Last weekend’s 20th anniversary of the 9/11 attacks overshadowed another important milestone for me personally.

On Friday, September 11, 1981, a then 24-year-old CPA joined a small, little-known Syosset, Long Island-based accounting firm called Marcum & Kliegman. Founded by Edwin Marcum and Edwin J. Kliegman in Flushing, New York in 1951, 30 years later Marcum & Kliegman was a firm of six people billing $300,000 annually.

I was the 7th person when I joined that September Friday, after spending my first two years in the accounting profession at one of the then “Big Eight.” And the last 40 years have been a hell of a ride.

By 1985 we had doubled in size, Ed Marcum was turning 65 and was ready to retire, and not only was I fortunate enough to inherit his client base, which included the world-renowned, best-selling novelist Robert Ludlum, but I assumed his role as the Firm’s administrative partner, which at that time basically entailed signing checks.

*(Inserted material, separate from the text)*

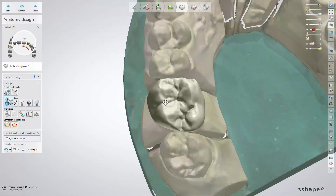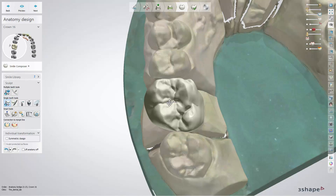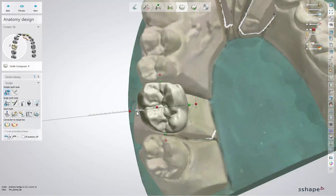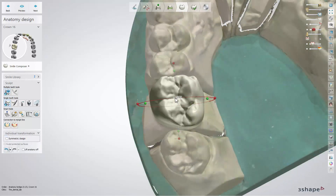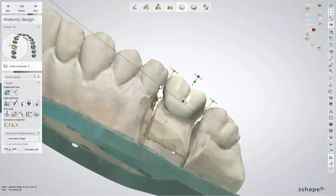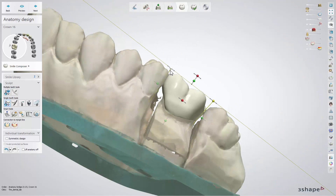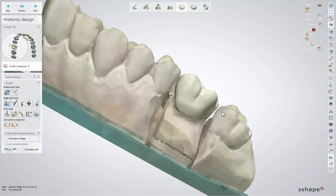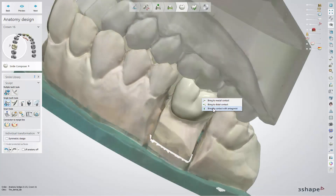The Individual Transformation tool can be used both for a single restoration and a single tooth in a multiple teeth restoration. This tool allows you to move the design, scale and rotate it using points on the design. The view of all points changes depending on the view direction. Right click on a tooth to display options that allow you to move the design to mesial or distal contact and into contact with the antagonist.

So, Ed Kliegman and I continued to build the Firm, and by 1990 we had about 25 people including five partners. It was time for us to add some more structure to our growing practice, so I was elected our firm’s first Managing Partner, a role I had until 2017, when my title changed to Chairman & CEO.

Ed Kliegman retired at the end of 1991, and we continued to build the Firm. Our next milestone occurred in 1996 when we became a 2-office firm by expanding into New York City with the addition of David Bukzin (our current Vice Chair) and his practice. And we continued to grow.

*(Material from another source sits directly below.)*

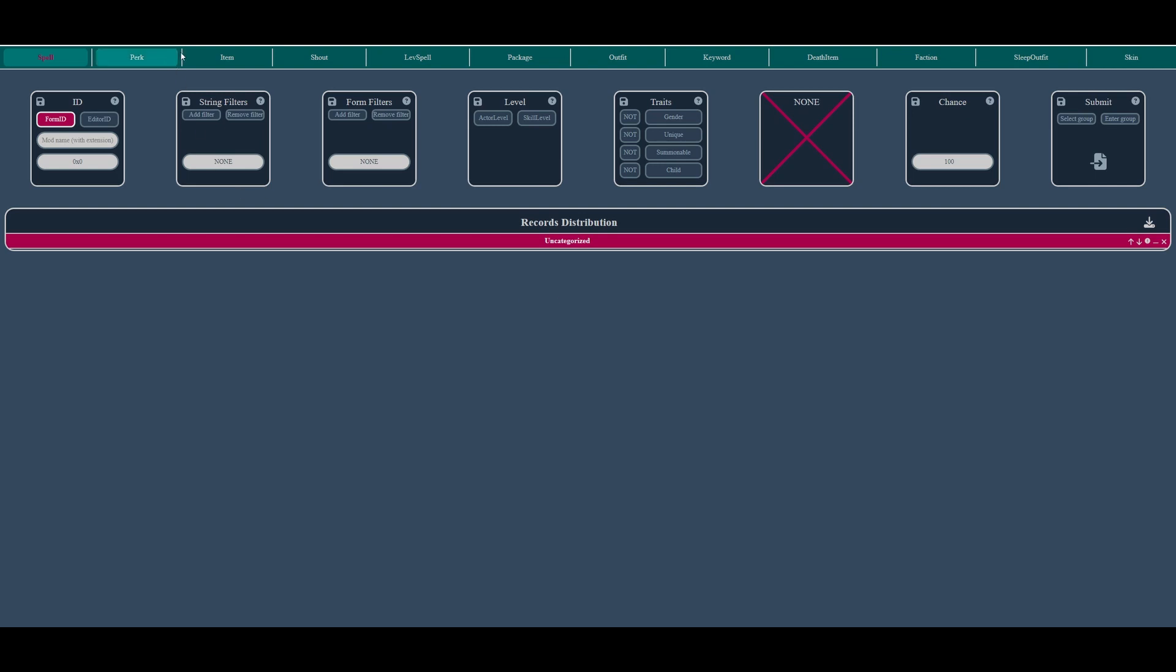First, select the record type you wish to distribute. For instance, let's say I want to distribute an item to specific NPCs. I just need to click on the corresponding button and, as you can see, the widgets update accordingly.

The early 2000s were very good to us. We continued to expand our core clientele of privately held, entrepreneurial, family businesses, while at the same time developing a client base of hedge funds, private equity funds and small publicly traded companies. We were in the right place at the right time when the Sarbanes-Oxley Act was enacted in 2002. Many in the accounting profession dubbed it “the accountants’ full employment act.” And Marcum & Kliegman continued to grow.

By the summer of 2008, we were 450 people working out of two offices in Woodbury, Long Island, and New York City. And then, as they say, “the music stopped.”

Bear Stearns had gone out of business in March 2008, Lehman Brothers was failing and ultimately went out of business in September, and the liquidity in the capital markets that had fueled the economic growth of the 2000s suddenly dried up. The economy froze and actually started to contract for the first time in my working career. And Marcum & Kliegman felt it. So we needed a new game plan.

Our executive committee at the time embraced the idea that if we weren’t going to grow organically, as we had done since the beginning, but wanted to continue to grow, the only way would be through M&A (mergers & acquisitions.) We quickly created a strategic plan that had us looking for suitable M&A targets in the top 15 business markets in the country: Los Angeles, San Francisco, Chicago, Boston, Miami, Philadelphia, Houston, Dallas, Denver, Atlanta, Seattle, Detroit, just to name a few.

And two short years later, by the end of 2010, we were able to expand into South Florida, Philadelphia, LA and San Francisco. We doubled in size to 900 people in nine offices and became a national firm. In 2009, we changed the name of the Firm from Marcum & Kliegman to Marcum LLP. My phone call to Ed Kliegman to let him know we were dropping his name was one of the most difficult of my professional career, but Ed, with his trademark character and grace, understood the reasons behind the change and gave us his blessing to do it.

The rest, as they say, is history. But we’re not done yet.

Today, we are 2,500 strong including 350 partners. We just promoted 29 of our associates to partner, our largest partner class ever. And we’re continuing to grow.